What needs to be done =
Copy every record exactly, and keep the pictures out.

[Stored data entries]
* * * *
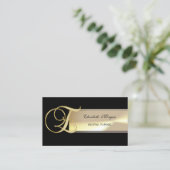Carte De Visite Élégant Charmant Chic Sophisticé Monogramme (Debout devant)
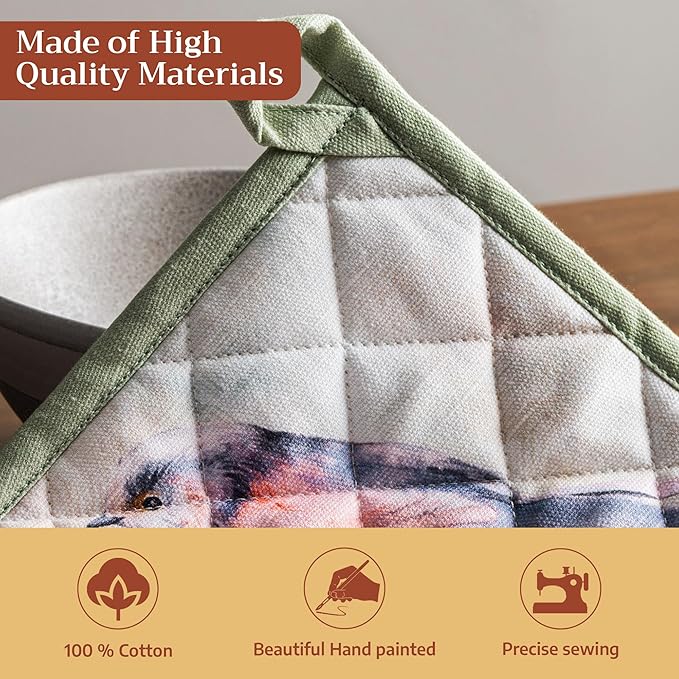 Maison d' Hermine 100% Cotton Oven Mitt & Pot Holder Set (7.5"x13" & 8"x8") Heat Resistant BBQ Cooking Gloves with Loop Baking Grilling Kitchen Gifts for Mothers Day Spring/Summer (Flying Birds)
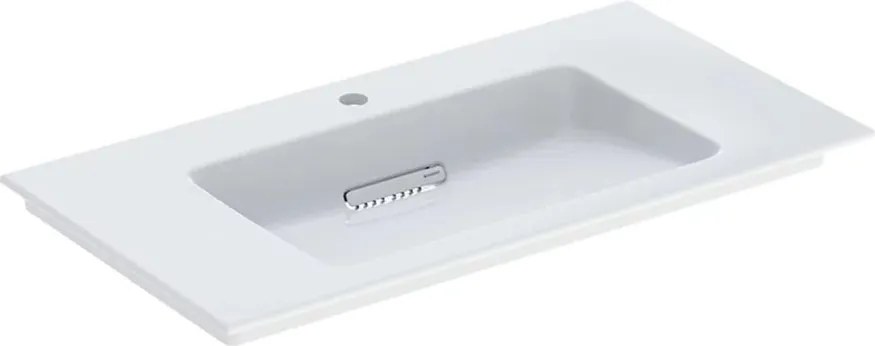 Lavoar pe mobilier Geberit One Slim 90 cm alb cu orificiu baterie si scurgere speciala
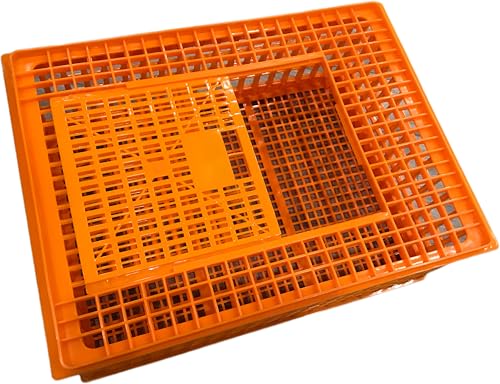 2 Pack Poultry Carrier Crate Plastic Chicken Transport Crate Carrier Cage for Poultry Chicken Bird Duck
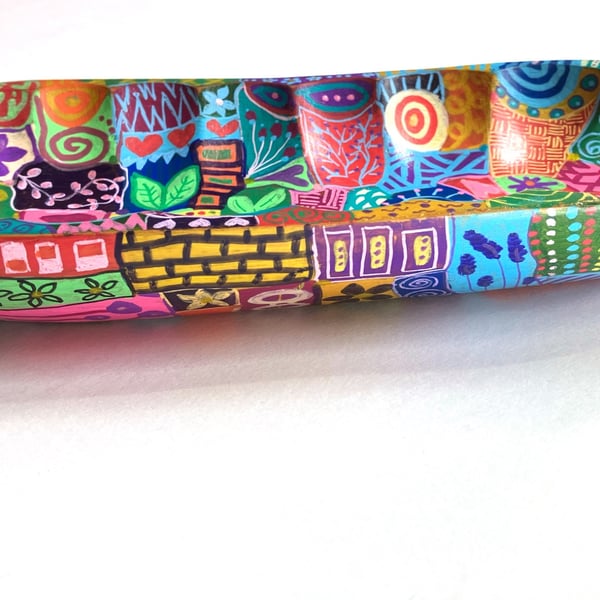 Up cycled colourful hand painted wooden dish 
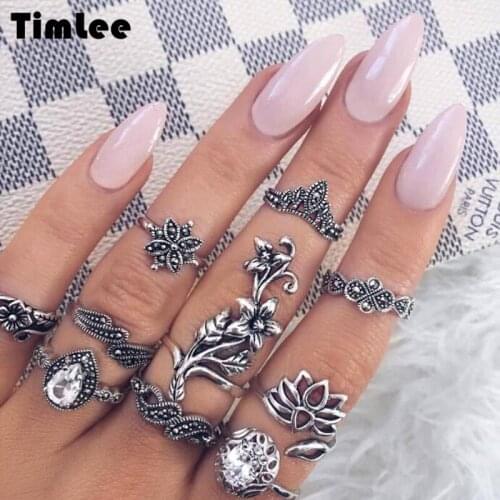 Timlee R010 New Fashion Retro Hollow Lotus Flower Rose Rhinestone Finger Rings Set ,10pcs/set Popular Jewelry Wholesale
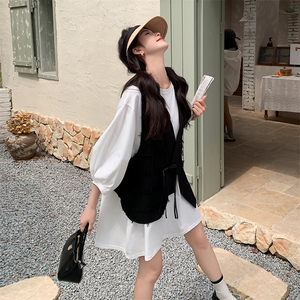 新中式黑色流苏马甲套装女2024春秋季新款显瘦灯笼袖短裙两件套图片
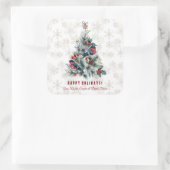 Sticker Carré Arbre de Noël Berries voeux de vacances Monogramme (Sac)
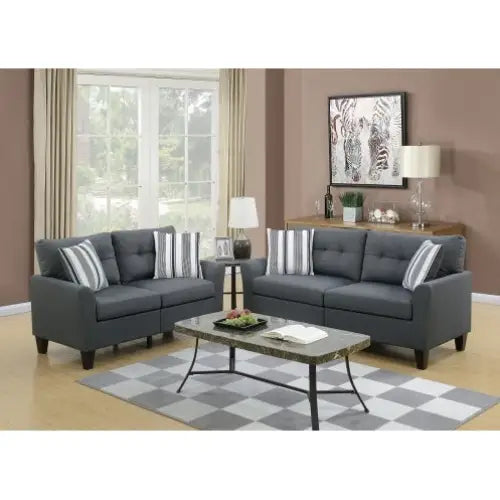 Living Room Furniture 2pc Sofa Set Sofa And Loveseat Charcoal Glossy Polyfiber Plywood Solid Pine - Charcoal grey - 5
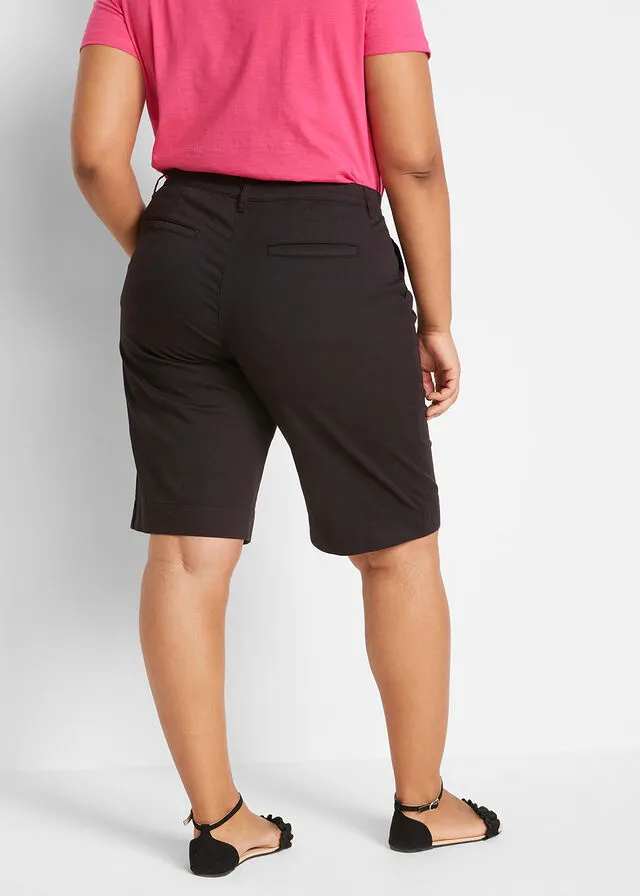 Pantalones cortos anchos de sarga Beige tiza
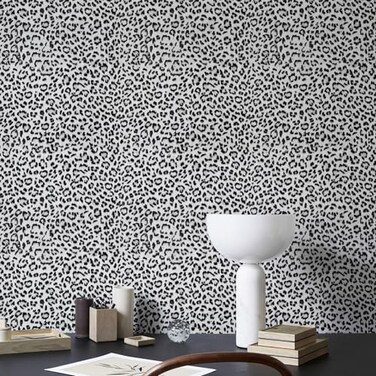 JiffDiff Leopard Print Peel and Stick Wallpaper Waterproof Removable Self Adhesive Textured Wall Paper Black and White Unique Funky Cheetah Contact Paper for Bedroom and Bathroom 480X173576 sq ft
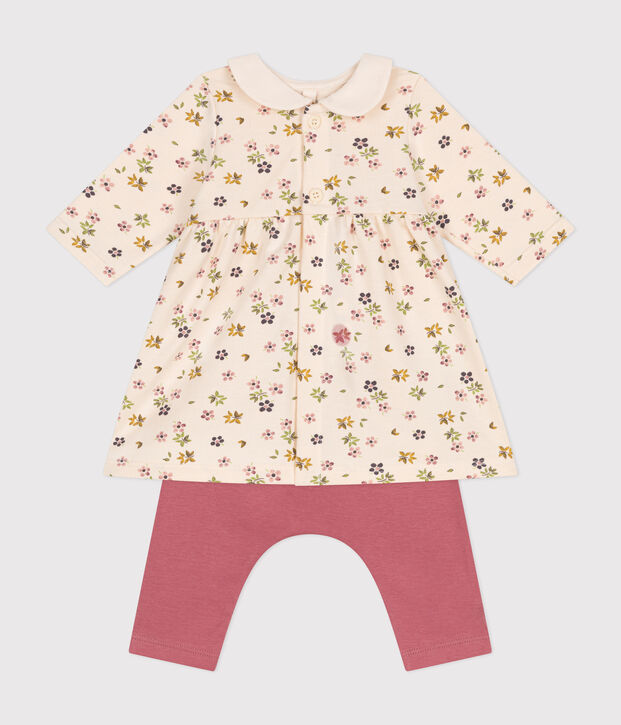 Baby-Kleid und Leggings aus Baumwolle naturfarben/vielfarbig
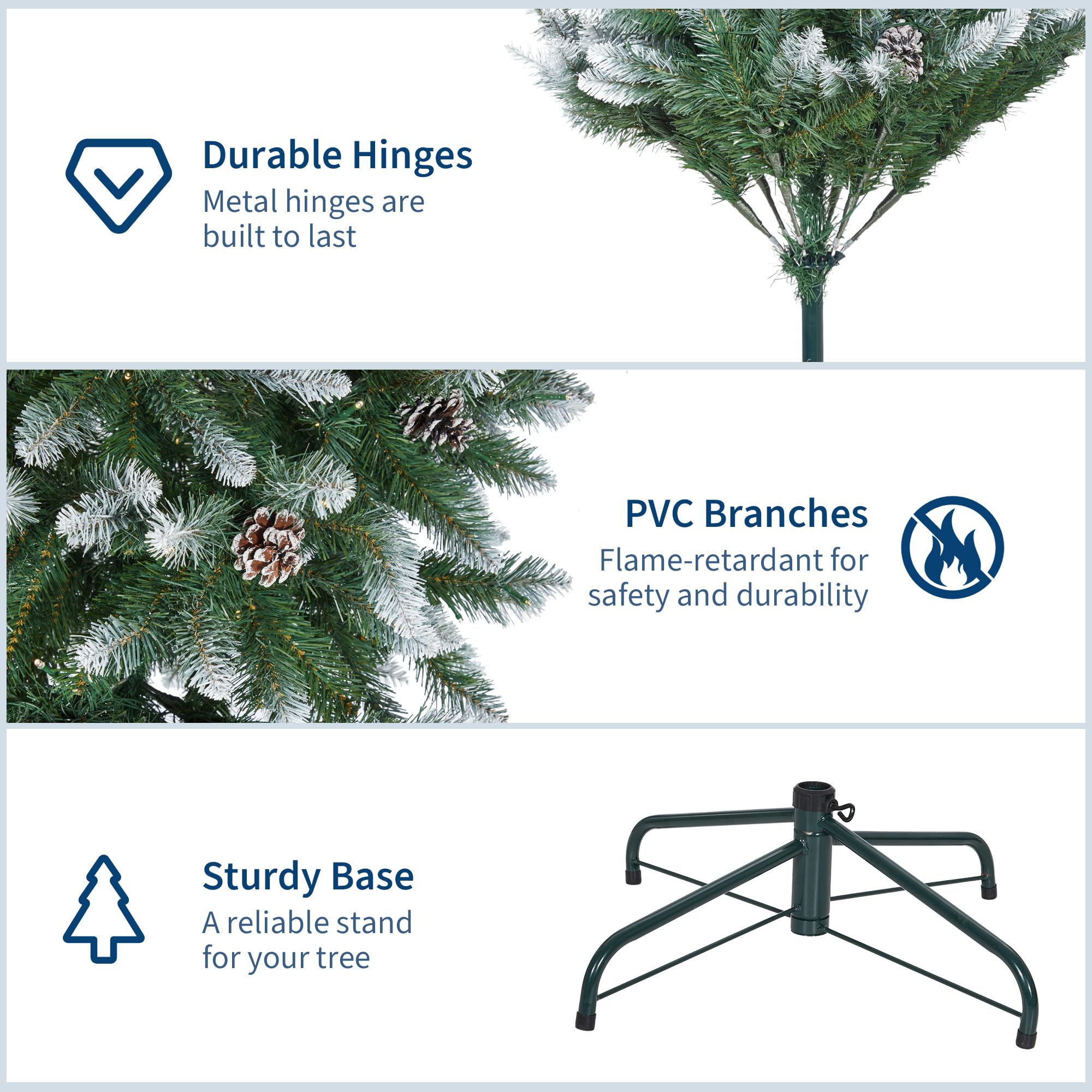 9FT Pre-Lit Artificial Christmas Tree,Christmas Pine Tree with Pine Cones,900 LEDs & 1738 Tips - Hinged Stand PVC Holiday Trees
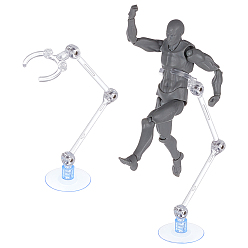 Прозрачный Подставки для демонстрации собранных пластиковых моделей фигурок с присосками., прозрачные, 3.5x2.65x0.5 см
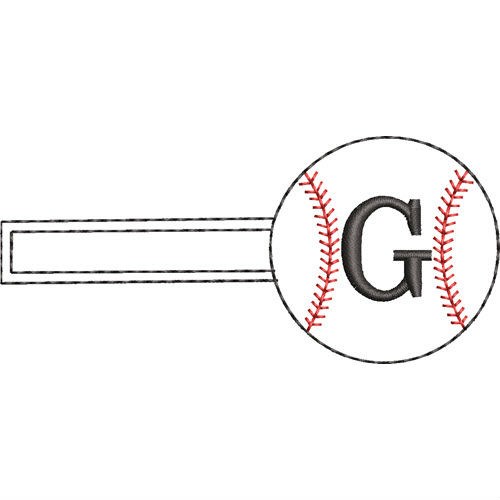 Baseball Key Fob G Machine Embroidery Design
* * * *
Result below =
Carte De Visite Élégant Charmant Chic Sophisticé Monogramme (Debout devant)
 Maison d' Hermine 100% Cotton Oven Mitt & Pot Holder Set (7.5"x13" & 8"x8") Heat Resistant BBQ Cooking Gloves with Loop Baking Grilling Kitchen Gifts for Mothers Day Spring/Summer (Flying Birds)
 Lavoar pe mobilier Geberit One Slim 90 cm alb cu orificiu baterie si scurgere speciala
 2 Pack Poultry Carrier Crate Plastic Chicken Transport Crate Carrier Cage for Poultry Chicken Bird Duck
 Up cycled colourful hand painted wooden dish 
 Timlee R010 New Fashion Retro Hollow Lotus Flower Rose Rhinestone Finger Rings Set ,10pcs/set Popular Jewelry Wholesale
 新中式黑色流苏马甲套装女2024春秋季新款显瘦灯笼袖短裙两件套图片
 Sticker Carré Arbre de Noël Berries voeux de vacances Monogramme (Sac)
 Living Room Furniture 2pc Sofa Set Sofa And Loveseat Charcoal Glossy Polyfiber Plywood Solid Pine - Charcoal grey - 5
 Pantalones cortos anchos de sarga Beige tiza
 JiffDiff Leopard Print Peel and Stick Wallpaper Waterproof Removable Self Adhesive Textured Wall Paper Black and White Unique Funky Cheetah Contact Paper for Bedroom and Bathroom 480X173576 sq ft
 Baby-Kleid und Leggings aus Baumwolle naturfarben/vielfarbig
 9FT Pre-Lit Artificial Christmas Tree,Christmas Pine Tree with Pine Cones,900 LEDs & 1738 Tips - Hinged Stand PVC Holiday Trees
 Прозрачный Подставки для демонстрации собранных пластиковых моделей фигурок с присосками., прозрачные, 3.5x2.65x0.5 см
 Baseball Key Fob G Machine Embroidery Design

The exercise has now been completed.